Apache Mahout
In this section, we will have a quick look at Apache Mahout.
Do you know how Mahout got its name?
As you can see in the logo, a mahout is a person who drives an elephant. Hadoop's logo is an elephant. So, this is an indicator that Mahout's goal is to use Hadoop in the right manner.
The following are the features of Mahout:
- It is a project of the Apache software foundation
- It is a scalable machine learning library
- The MapReduce implementation scales linearly with the data
- Fast sequential algorithms (the runtime does not depend on the size of the dataset)
- It mainly contains clustering, classification, and recommendation (collaborative filtering) algorithms
- Here, machine learning algorithms can be executed in sequential (in-memory mode) or distributed mode (MapReduce is enabled)
- Most of the algorithms are implemented using the MapReduce paradigm
- It runs on top of the Hadoop framework for scaling
- Data is stored in HDFS (data storage) or in memory
- It is a Java library (no user interface!)
- The latest released version is 0.9, and 1.0 is coming soon
- It is not a domain-specific but a general purpose library
Note
For those of you who are curious! What are the problems that Mahout is trying to solve? The following problems that Mahout is trying to solve:
The amount of available data is growing drastically.
The computer hardware market is geared toward providing better performance in computers. Machine learning algorithms are computationally expensive algorithms.

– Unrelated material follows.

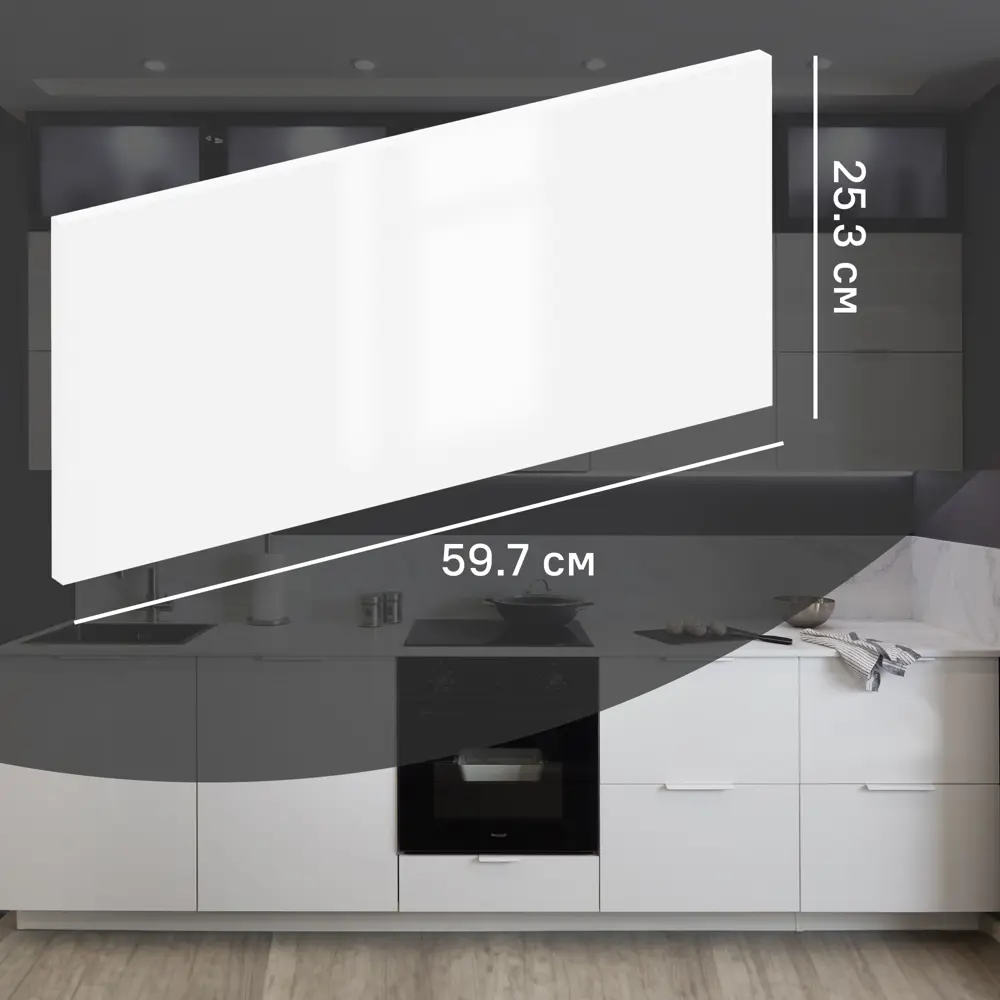 Фасад кухонного шкафа Аша 59.7x25.3 см KONSENSA ДСП цвет белый STLM-2090161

However, there was no framework sufficient to harness the power of hardware (multicore computers) to gain better performance.
The need for a parallel programming framework to speed up machine learning algorithms.
Mahout is a general parallelization for machine learning algorithms (the parallelization method is not algorithm-specific).
No specialized optimizations are required to improve the performance of each algorithm; you just need to add some more cores.
Linear speed up with number of cores.
Each algorithm, such as Naïve Bayes, K-Means, and Expectation-maximization, is expressed in the summation form. (I will explain this in detail in future chapters.)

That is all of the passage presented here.